You say you have two primary keys in t1, but I think what you mean is
you have a compound key. Your primary key appears to be a concatenation
of t1 and t2. t1 by itself cannot be primary because the value 2
repeats. A primary key, by definition, has no repeating values in the
key. Both t1 and t2 have repeating values, but concatenated they do
not. And, by definition, a table never has two primary keys. Columns
or combinations of columns that must not be duplicated within the
database are referred to as candidate keys. The "primary" key is the
candidate key that the developer feels will be used most often to query
the database.
If I understand correctly you want to append t2 to t1, but in your example you don't want to append the first row of t2. In your application is there more than one row that you don't to append?
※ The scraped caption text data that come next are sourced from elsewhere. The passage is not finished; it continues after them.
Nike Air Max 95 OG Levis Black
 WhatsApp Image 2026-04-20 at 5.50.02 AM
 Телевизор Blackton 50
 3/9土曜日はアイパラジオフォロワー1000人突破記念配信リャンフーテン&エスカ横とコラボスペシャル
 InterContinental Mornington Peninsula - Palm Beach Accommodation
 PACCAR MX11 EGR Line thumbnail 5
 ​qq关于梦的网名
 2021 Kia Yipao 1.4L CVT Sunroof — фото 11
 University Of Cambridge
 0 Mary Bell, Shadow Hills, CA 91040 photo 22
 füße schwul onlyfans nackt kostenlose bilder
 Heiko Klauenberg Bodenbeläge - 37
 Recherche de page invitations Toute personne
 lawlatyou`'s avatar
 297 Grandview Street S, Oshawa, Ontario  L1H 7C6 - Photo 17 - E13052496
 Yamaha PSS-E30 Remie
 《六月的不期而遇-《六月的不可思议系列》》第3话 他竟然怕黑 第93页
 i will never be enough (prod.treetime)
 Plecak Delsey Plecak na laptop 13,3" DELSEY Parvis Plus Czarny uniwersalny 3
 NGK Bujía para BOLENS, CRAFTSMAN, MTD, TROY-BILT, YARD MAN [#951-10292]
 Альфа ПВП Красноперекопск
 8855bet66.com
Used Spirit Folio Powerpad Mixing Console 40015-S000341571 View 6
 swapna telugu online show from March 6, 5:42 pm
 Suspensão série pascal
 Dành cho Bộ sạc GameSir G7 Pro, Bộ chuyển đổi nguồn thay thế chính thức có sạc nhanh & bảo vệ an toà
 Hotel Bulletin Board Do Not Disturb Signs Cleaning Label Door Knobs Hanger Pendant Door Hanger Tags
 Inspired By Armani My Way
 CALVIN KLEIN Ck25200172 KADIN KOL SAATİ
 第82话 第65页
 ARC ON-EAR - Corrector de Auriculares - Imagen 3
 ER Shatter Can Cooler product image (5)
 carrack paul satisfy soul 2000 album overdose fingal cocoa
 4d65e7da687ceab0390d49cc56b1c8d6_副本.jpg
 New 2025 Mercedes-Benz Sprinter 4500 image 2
What is the condition for which you wish to omit records... the -1 in cc4?
> I have two table t1(with two primary keys c1 and c2) and t2
>
> t1
> c1 c2 c3 c4
> 2 5 1 0
> 2 4 1 0
> 5 2 0 1
> 4 2 0 1
> 2 2 1 1
>
>
> t2
> cc1 cc2 cc3 cc4
> 2 4 1 -1
> 2 3 0 1
> 2 5 0 1
> 2 2 0 1
>
> I want to insert t2's data into t1 and the t2(2,4,1,-1) should not be
> inserted into t1 table and so on... Does anyone know how to do it?